→ Dataset content:
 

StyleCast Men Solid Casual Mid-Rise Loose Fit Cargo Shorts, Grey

==

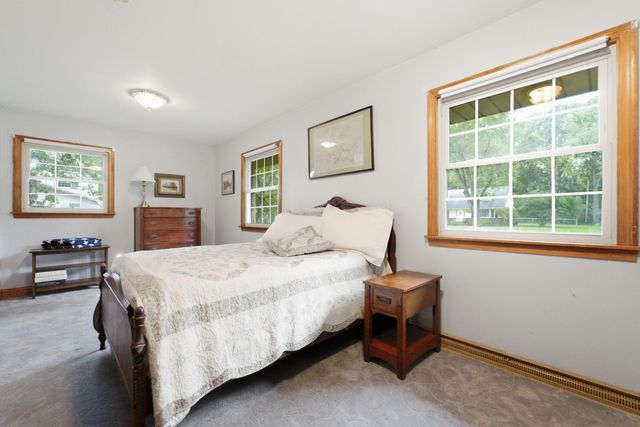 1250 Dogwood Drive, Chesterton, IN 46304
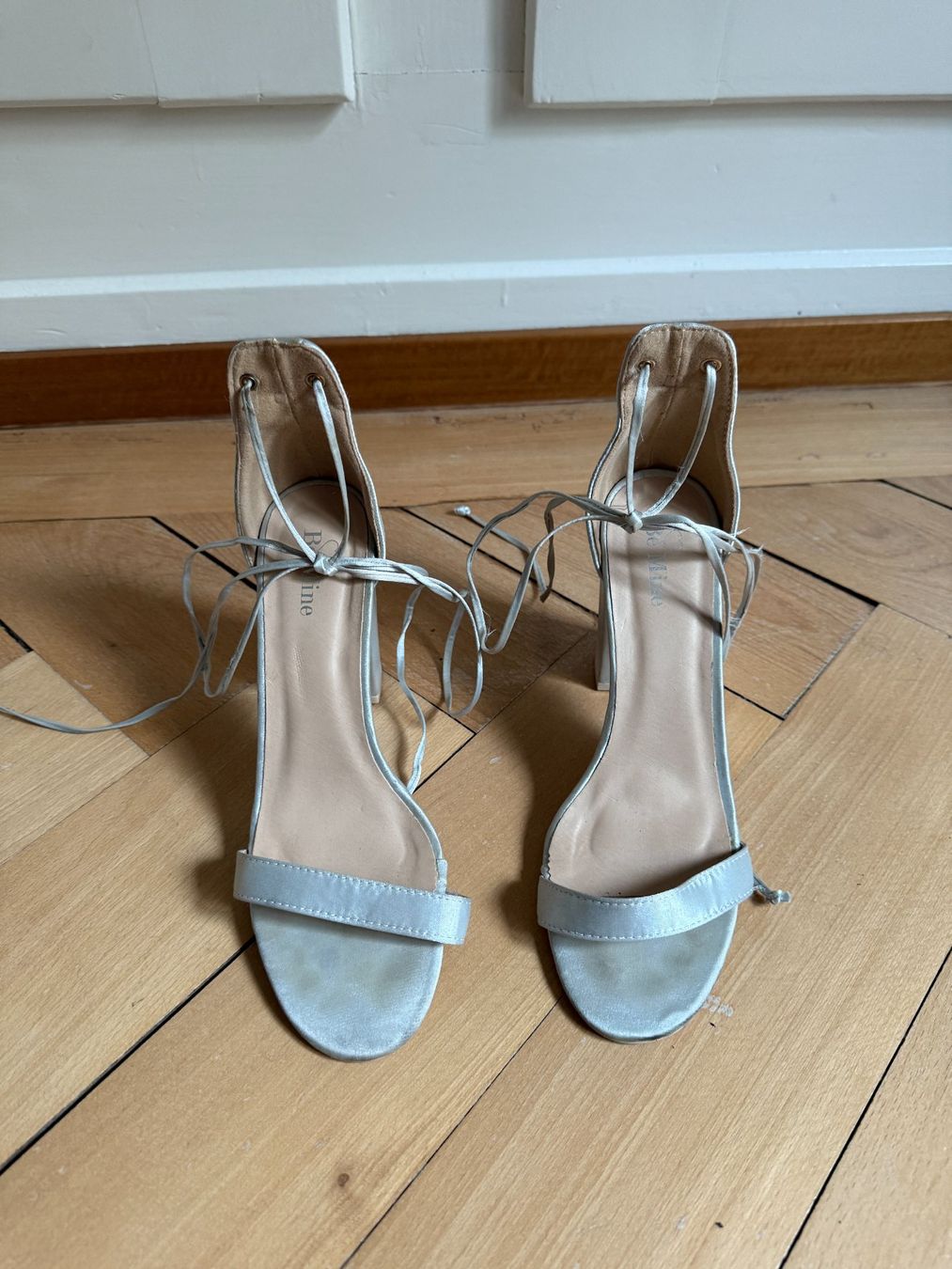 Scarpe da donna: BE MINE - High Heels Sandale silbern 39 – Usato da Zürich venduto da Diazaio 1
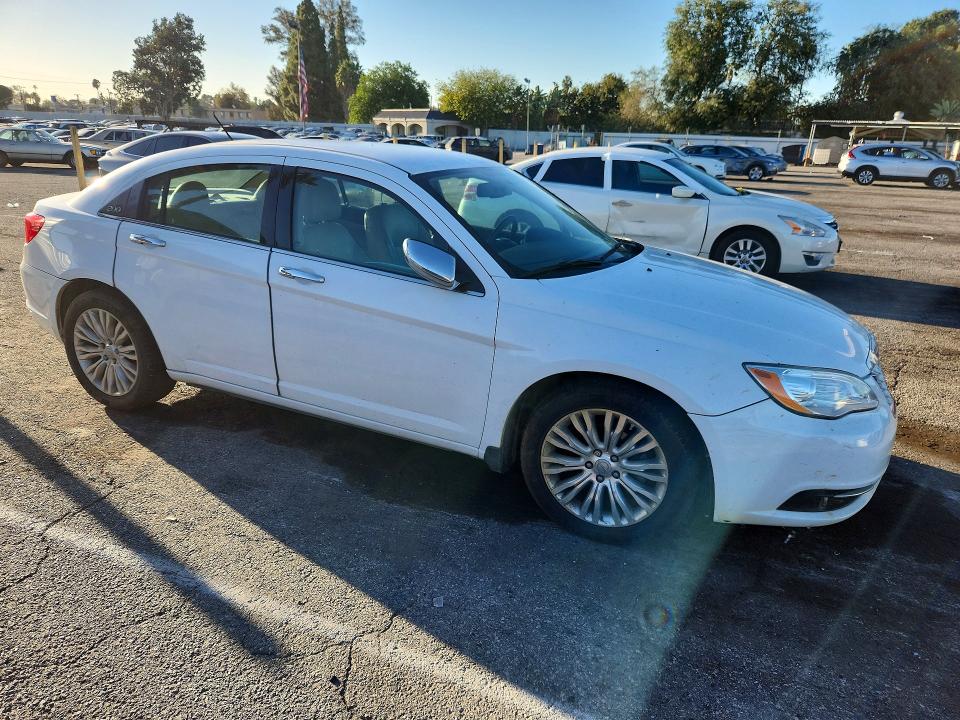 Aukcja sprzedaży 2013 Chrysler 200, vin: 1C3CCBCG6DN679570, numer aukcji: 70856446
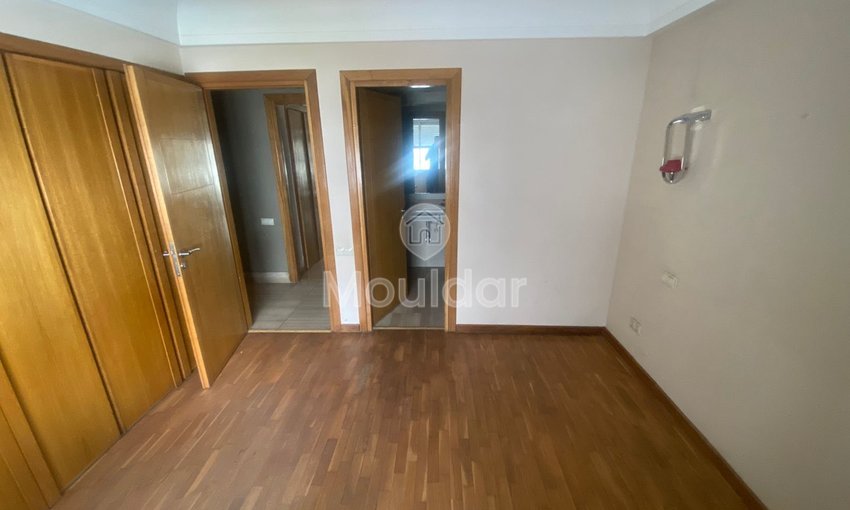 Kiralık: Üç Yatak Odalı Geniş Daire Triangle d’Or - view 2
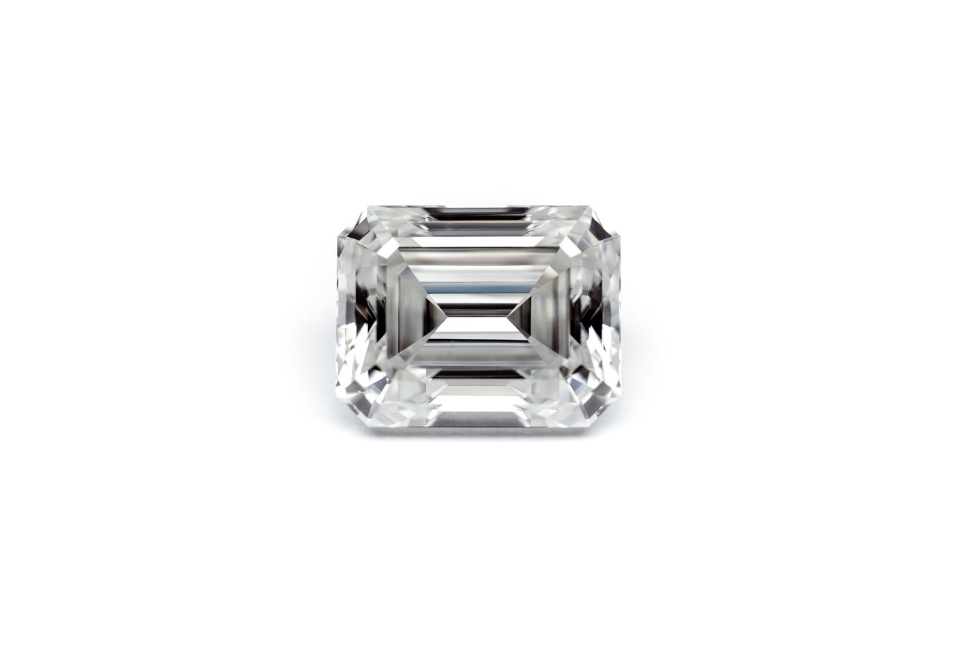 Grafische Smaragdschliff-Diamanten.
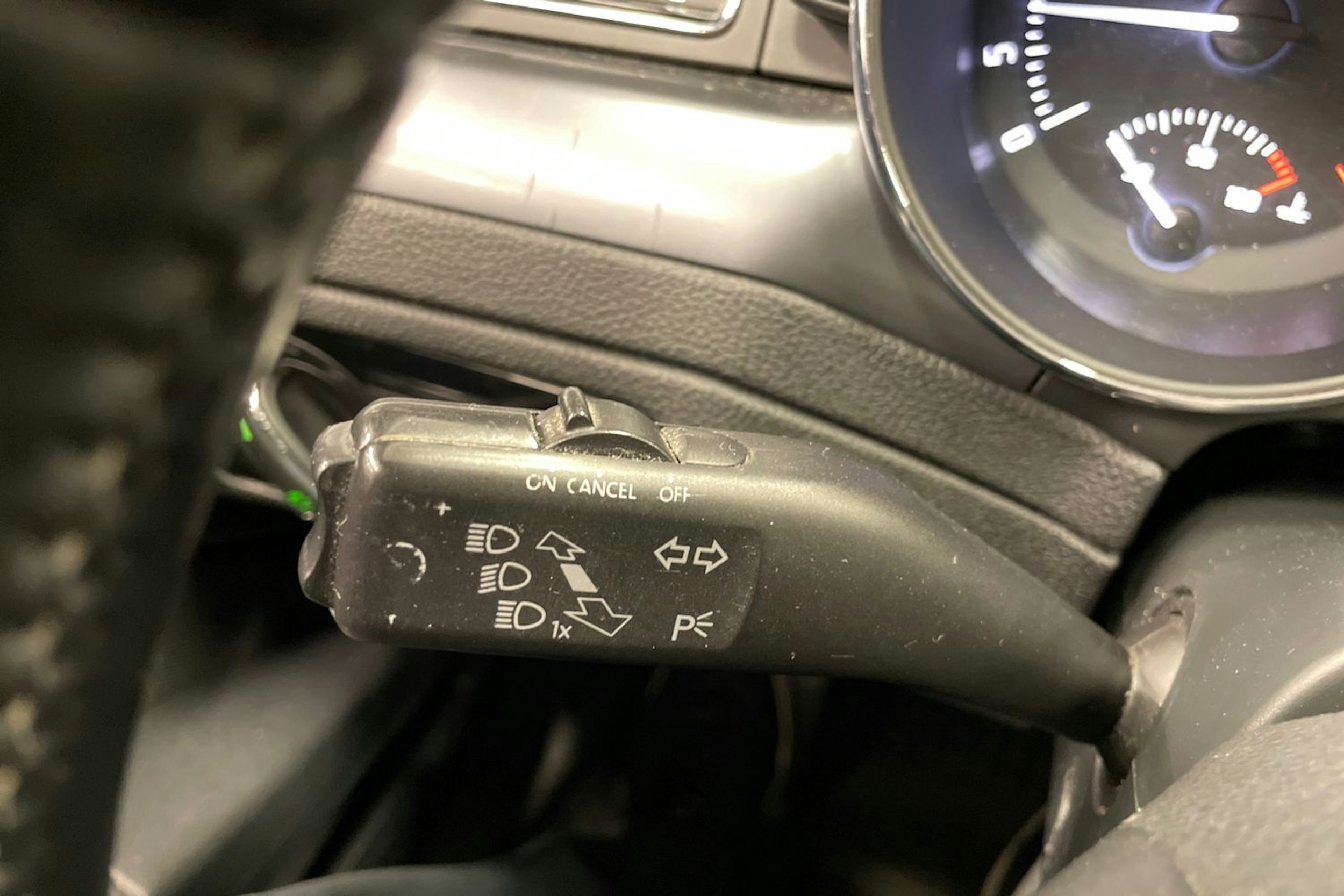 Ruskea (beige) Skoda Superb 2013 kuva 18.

→ Work order: Look above for the line with "Kiralık: Üç Yatak" and the line with "Ruskea (beige) Skoda Superb 2013 kuva 18."; set down those two lines and all lines between them exactly, without pictures and without anything else.

→ Written answer:
 Kiralık: Üç Yatak Odalı Geniş Daire Triangle d’Or - view 2
 Grafische Smaragdschliff-Diamanten.
 Ruskea (beige) Skoda Superb 2013 kuva 18.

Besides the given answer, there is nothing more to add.